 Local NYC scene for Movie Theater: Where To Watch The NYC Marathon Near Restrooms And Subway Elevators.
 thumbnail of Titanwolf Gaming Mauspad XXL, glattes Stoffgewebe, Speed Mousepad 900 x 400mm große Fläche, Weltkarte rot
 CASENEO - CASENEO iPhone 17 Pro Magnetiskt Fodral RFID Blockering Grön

****

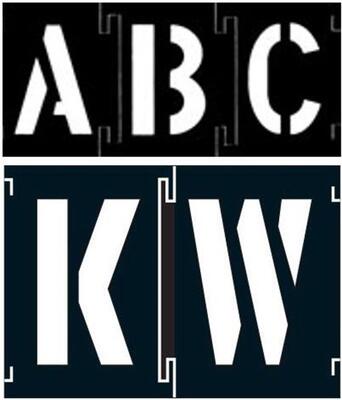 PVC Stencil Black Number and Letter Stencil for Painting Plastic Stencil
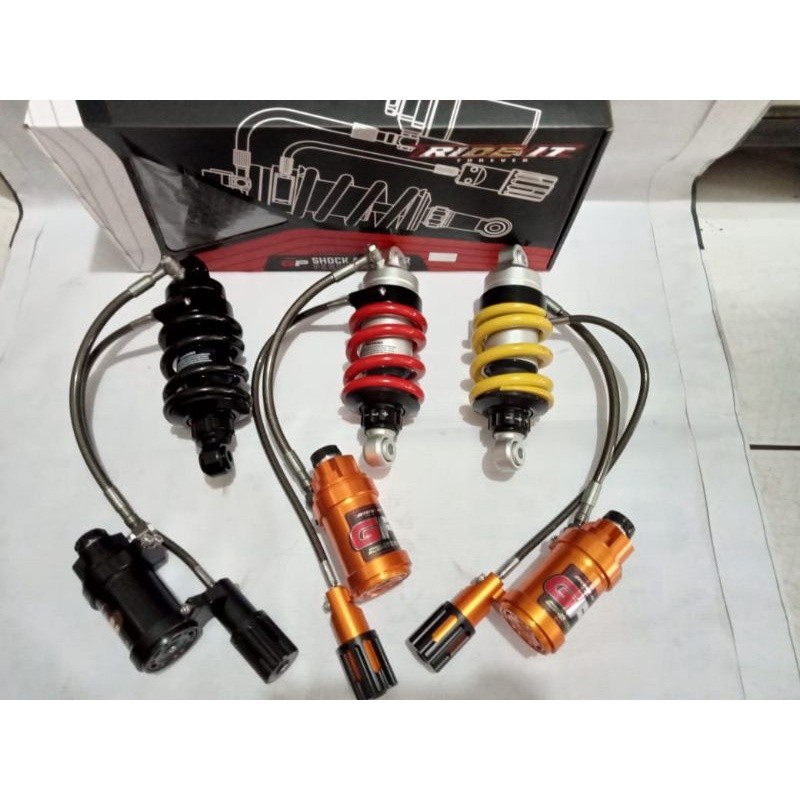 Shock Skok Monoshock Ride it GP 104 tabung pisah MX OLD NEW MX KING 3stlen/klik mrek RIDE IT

****

Exact duplication is required for the lines above, from the line that contains "Local NYC scene" to the line that contains "CASENEO - CASENEO", inclusive; omit all others.

 Local NYC scene for Movie Theater: Where To Watch The NYC Marathon Near Restrooms And Subway Elevators.
 thumbnail of Titanwolf Gaming Mauspad XXL, glattes Stoffgewebe, Speed Mousepad 900 x 400mm große Fläche, Weltkarte rot
 CASENEO - CASENEO iPhone 17 Pro Magnetiskt Fodral RFID Blockering Grön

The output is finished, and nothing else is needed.